[Recorded data]
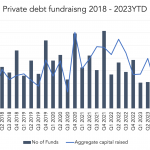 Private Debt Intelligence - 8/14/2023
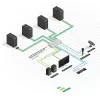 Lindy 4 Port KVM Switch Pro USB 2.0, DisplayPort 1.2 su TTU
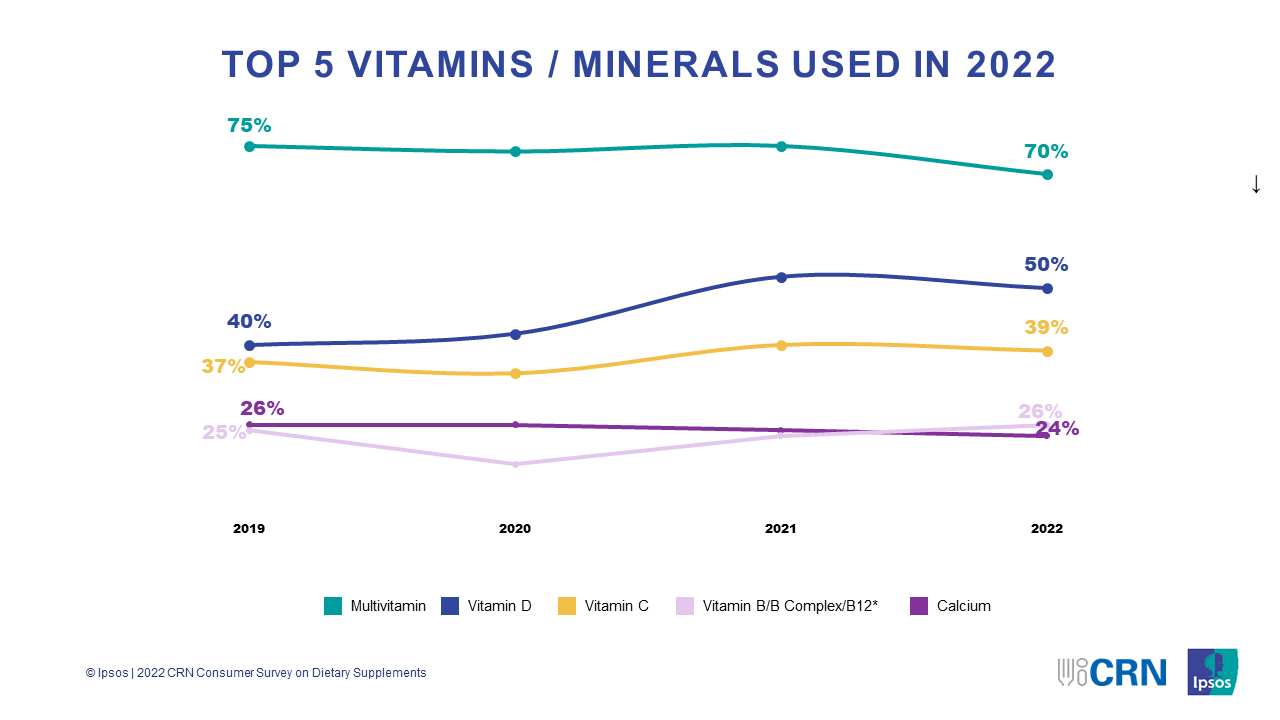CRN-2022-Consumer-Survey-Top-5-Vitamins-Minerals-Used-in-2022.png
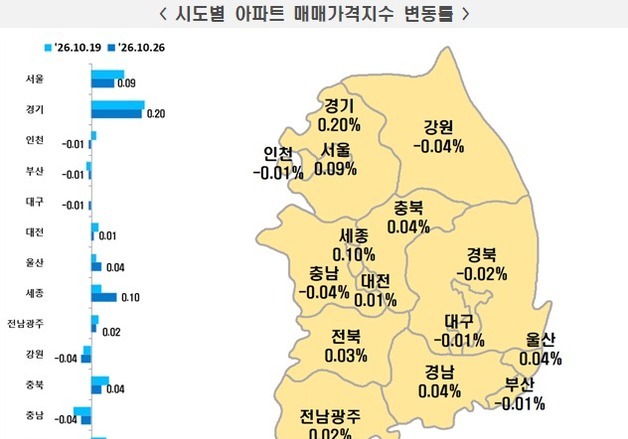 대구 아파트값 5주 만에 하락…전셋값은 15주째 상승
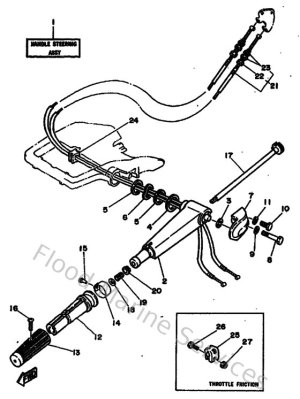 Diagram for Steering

## Exercise description
All of the entries above need to be transcribed exactly, except for the pictures.

## Written response
 Private Debt Intelligence - 8/14/2023
 Lindy 4 Port KVM Switch Pro USB 2.0, DisplayPort 1.2 su TTU
CRN-2022-Consumer-Survey-Top-5-Vitamins-Minerals-Used-in-2022.png
 대구 아파트값 5주 만에 하락…전셋값은 15주째 상승
 Diagram for Steering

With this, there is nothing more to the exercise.